[WHAT YOU HAVE TO DO]: Extract each line of the data and write it out again exactly.

Dataset entries
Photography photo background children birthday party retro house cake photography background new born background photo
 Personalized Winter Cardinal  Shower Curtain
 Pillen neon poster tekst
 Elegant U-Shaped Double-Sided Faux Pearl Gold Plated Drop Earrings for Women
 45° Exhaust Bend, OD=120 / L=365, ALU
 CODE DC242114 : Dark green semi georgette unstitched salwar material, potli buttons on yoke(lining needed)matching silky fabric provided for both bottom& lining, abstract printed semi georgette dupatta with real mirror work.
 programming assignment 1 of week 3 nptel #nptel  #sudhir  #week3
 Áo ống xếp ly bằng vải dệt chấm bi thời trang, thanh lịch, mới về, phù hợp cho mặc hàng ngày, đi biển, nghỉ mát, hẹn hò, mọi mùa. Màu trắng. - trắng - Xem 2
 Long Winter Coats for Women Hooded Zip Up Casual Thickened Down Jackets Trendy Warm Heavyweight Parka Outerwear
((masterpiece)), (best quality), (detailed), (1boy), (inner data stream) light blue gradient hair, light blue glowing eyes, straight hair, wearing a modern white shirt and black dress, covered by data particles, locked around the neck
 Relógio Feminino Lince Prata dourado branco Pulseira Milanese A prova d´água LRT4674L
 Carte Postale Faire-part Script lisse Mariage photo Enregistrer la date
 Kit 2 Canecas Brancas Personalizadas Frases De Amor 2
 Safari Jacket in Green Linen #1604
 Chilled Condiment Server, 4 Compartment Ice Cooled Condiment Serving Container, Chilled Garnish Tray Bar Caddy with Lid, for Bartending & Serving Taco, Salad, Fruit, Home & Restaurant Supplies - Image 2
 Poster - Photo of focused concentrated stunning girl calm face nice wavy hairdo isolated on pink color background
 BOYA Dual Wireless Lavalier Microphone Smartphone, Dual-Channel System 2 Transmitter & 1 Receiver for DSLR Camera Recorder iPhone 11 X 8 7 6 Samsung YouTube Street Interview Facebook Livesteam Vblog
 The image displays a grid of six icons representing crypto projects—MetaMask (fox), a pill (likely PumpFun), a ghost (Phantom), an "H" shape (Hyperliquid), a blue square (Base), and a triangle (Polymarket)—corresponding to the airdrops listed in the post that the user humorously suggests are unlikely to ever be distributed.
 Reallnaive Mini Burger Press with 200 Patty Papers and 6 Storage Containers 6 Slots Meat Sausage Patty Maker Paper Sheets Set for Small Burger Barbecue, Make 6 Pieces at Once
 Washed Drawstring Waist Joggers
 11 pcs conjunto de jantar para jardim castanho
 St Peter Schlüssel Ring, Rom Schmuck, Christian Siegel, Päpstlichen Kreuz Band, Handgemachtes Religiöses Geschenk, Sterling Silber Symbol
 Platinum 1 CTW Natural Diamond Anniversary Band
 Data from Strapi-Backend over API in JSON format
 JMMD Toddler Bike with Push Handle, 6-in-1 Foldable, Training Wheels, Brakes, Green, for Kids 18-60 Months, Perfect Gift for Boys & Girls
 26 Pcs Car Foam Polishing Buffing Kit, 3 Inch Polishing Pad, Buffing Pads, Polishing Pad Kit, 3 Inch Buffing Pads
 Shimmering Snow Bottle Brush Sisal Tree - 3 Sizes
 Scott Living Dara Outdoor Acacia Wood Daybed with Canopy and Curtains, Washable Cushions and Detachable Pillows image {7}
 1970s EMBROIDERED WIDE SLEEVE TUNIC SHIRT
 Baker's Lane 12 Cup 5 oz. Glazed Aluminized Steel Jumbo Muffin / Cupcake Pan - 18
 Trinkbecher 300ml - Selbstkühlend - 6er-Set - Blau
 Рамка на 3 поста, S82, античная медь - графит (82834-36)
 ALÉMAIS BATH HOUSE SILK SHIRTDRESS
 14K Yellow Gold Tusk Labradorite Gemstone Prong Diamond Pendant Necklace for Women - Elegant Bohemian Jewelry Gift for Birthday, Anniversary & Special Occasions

[SOLUTION TO THIS TASK]:
Photography photo background children birthday party retro house cake photography background new born background photo
 Personalized Winter Cardinal  Shower Curtain
 Pillen neon poster tekst
 Elegant U-Shaped Double-Sided Faux Pearl Gold Plated Drop Earrings for Women
 45° Exhaust Bend, OD=120 / L=365, ALU
 CODE DC242114 : Dark green semi georgette unstitched salwar material, potli buttons on yoke(lining needed)matching silky fabric provided for both bottom& lining, abstract printed semi georgette dupatta with real mirror work.
 programming assignment 1 of week 3 nptel #nptel  #sudhir  #week3
 Áo ống xếp ly bằng vải dệt chấm bi thời trang, thanh lịch, mới về, phù hợp cho mặc hàng ngày, đi biển, nghỉ mát, hẹn hò, mọi mùa. Màu trắng. - trắng - Xem 2
 Long Winter Coats for Women Hooded Zip Up Casual Thickened Down Jackets Trendy Warm Heavyweight Parka Outerwear
((masterpiece)), (best quality), (detailed), (1boy), (inner data stream) light blue gradient hair, light blue glowing eyes, straight hair, wearing a modern white shirt and black dress, covered by data particles, locked around the neck
 Relógio Feminino Lince Prata dourado branco Pulseira Milanese A prova d´água LRT4674L
 Carte Postale Faire-part Script lisse Mariage photo Enregistrer la date
 Kit 2 Canecas Brancas Personalizadas Frases De Amor 2
 Safari Jacket in Green Linen #1604
 Chilled Condiment Server, 4 Compartment Ice Cooled Condiment Serving Container, Chilled Garnish Tray Bar Caddy with Lid, for Bartending & Serving Taco, Salad, Fruit, Home & Restaurant Supplies - Image 2
 Poster - Photo of focused concentrated stunning girl calm face nice wavy hairdo isolated on pink color background
 BOYA Dual Wireless Lavalier Microphone Smartphone, Dual-Channel System 2 Transmitter & 1 Receiver for DSLR Camera Recorder iPhone 11 X 8 7 6 Samsung YouTube Street Interview Facebook Livesteam Vblog
 The image displays a grid of six icons representing crypto projects—MetaMask (fox), a pill (likely PumpFun), a ghost (Phantom), an "H" shape (Hyperliquid), a blue square (Base), and a triangle (Polymarket)—corresponding to the airdrops listed in the post that the user humorously suggests are unlikely to ever be distributed.
 Reallnaive Mini Burger Press with 200 Patty Papers and 6 Storage Containers 6 Slots Meat Sausage Patty Maker Paper Sheets Set for Small Burger Barbecue, Make 6 Pieces at Once
 Washed Drawstring Waist Joggers
 11 pcs conjunto de jantar para jardim castanho
 St Peter Schlüssel Ring, Rom Schmuck, Christian Siegel, Päpstlichen Kreuz Band, Handgemachtes Religiöses Geschenk, Sterling Silber Symbol
 Platinum 1 CTW Natural Diamond Anniversary Band
 Data from Strapi-Backend over API in JSON format
 JMMD Toddler Bike with Push Handle, 6-in-1 Foldable, Training Wheels, Brakes, Green, for Kids 18-60 Months, Perfect Gift for Boys & Girls
 26 Pcs Car Foam Polishing Buffing Kit, 3 Inch Polishing Pad, Buffing Pads, Polishing Pad Kit, 3 Inch Buffing Pads
 Shimmering Snow Bottle Brush Sisal Tree - 3 Sizes
 Scott Living Dara Outdoor Acacia Wood Daybed with Canopy and Curtains, Washable Cushions and Detachable Pillows image {7}
 1970s EMBROIDERED WIDE SLEEVE TUNIC SHIRT
 Baker's Lane 12 Cup 5 oz. Glazed Aluminized Steel Jumbo Muffin / Cupcake Pan - 18
 Trinkbecher 300ml - Selbstkühlend - 6er-Set - Blau
 Рамка на 3 поста, S82, античная медь - графит (82834-36)
 ALÉMAIS BATH HOUSE SILK SHIRTDRESS
 14K Yellow Gold Tusk Labradorite Gemstone Prong Diamond Pendant Necklace for Women - Elegant Bohemian Jewelry Gift for Birthday, Anniversary & Special Occasions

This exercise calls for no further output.